Ely Rosario with one of the first copies of her first book
Ely Rosario with one of the first copies of her first book

How a life of overcoming obstacles fulfilled a literary dream.

A well-known Tallahassee woman has written about how she overcame her personal life challenges. Elizabeth Rosario, better known as "Ely," is hoping it will give others insights on how to cope with and overcome their own obstacles. Rosario, whose day job is vice president of Jackson Properties, sais she's always aspired to be a writer.

"I tried writing music and poetry at first and I'm like, 'I suck! I'm not good.' But I still kept on. People call it 'journaling' but I just write, writing about not necessarily my day, but what I would see of the world around me. And of course what I was going through or not going through."

Rosario said that pursuit remained essentially a solitary activity, until:

"My friend Curtis, he was one of our Jackson Properties vendors, and he told me one time, 'You just need to write a book, Ely!' And I said, 'Oh, Curtis, I'm not good enough. What do I need to write a book for? What do people need to hear?'"

But the more Rosario thought about it, the more she realized many of the things she'd gone through in her life might have resonance with other people.

"When I went through a horrific relationship with an alcoholic, at the end of it, when I came out of it, first of all I was thankful I'd made it out alive, second, why did I fall into it, and then third, how do I help others to not be in the same situation I'd been in?"

That realization set the stage for some serious work.

"I went to a conference 2 years ago and I was with my girlfriends in Minnesota and my girlfriend Sarah. And that night I just started writing. And I wrote so much! A little bit of my childhood, a bit of growing up as a teenage mom, going to school as a mom, working 2 jobs, having internships, my work, moving to Tallahassee, Puerto Rico, it was everything. And then diving into the relationship part of it."

The saga remained a semi-realized document. Until Rosario ran into Ebe Randeree, the associate dean of Florida State University's College of Communications.

"And he looked at me and said, 'When's your book coming out?' And I said, 'What are you talking about?' And he said, 'You've got a story to tell. I see it. I feel it. When is your book coming out? You've got 6 months to get me a draft.' And I was like, 'Oh my God! Okay!' And I did it and I think I was 2 months late. He wanted it in December and I got it to him in February.

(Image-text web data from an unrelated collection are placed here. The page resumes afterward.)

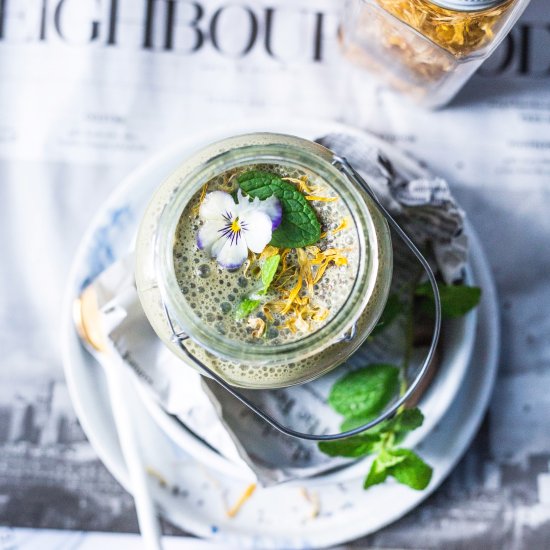 Warm Green Tea Smoothie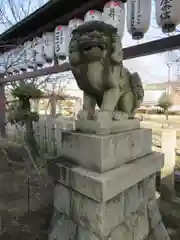 首途八幡宮の狛犬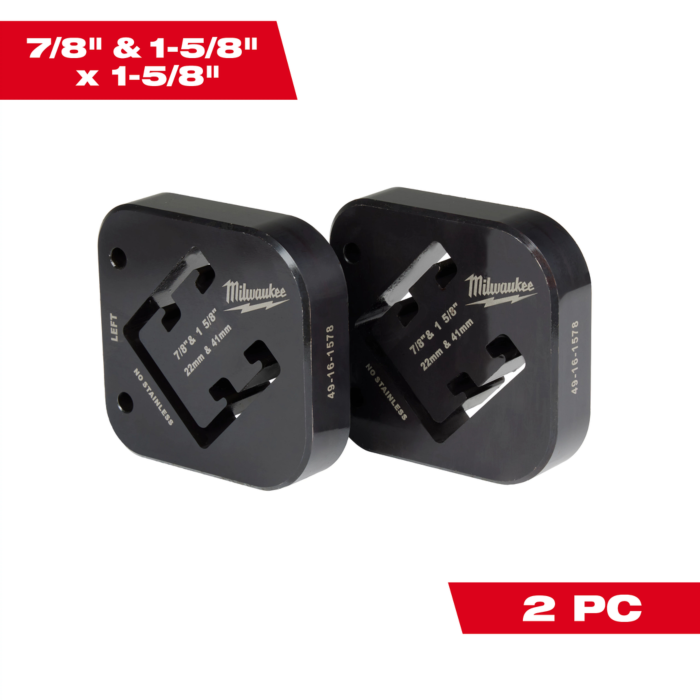 Milwaukee 7/8" & 1-5/8" x 1-5/8" Combination Strut Shearing Dies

And I remember sitting down with him in the Dunkin' Donuts on West Tennessee Street and I put down the binder on the table and I said, 'Here's your draft. I did it!'"

Thus was born Rosario's Own Your Fire. It uses her life story to inspire and motivate those who might be enduring similar challenges.

"It was like me trying to tell them that they need to put themselves first, they need to take care of themselves and do what they need to do for everything else to fall into place, IF it needs to fall into place. And we as women unfortunately, we make too many exceptions, we say 'I'm sorry' too much, we forgive too much and a part of me says, 'We need to stop that.'"

Rosario's initial magnum opus is on the market.

"It is officially on Amazon. It's Own Your Fire by Elizabeth Rosario, although most people know me as Ely."

And Ely Rosario says additional writings are in process.

"I self-published this one and I've got 2 others in the works and I'm continuing to write as I drive, shower, run, wherever I can fit in the time to do it, I do it."

We'll keep you updated on her progress.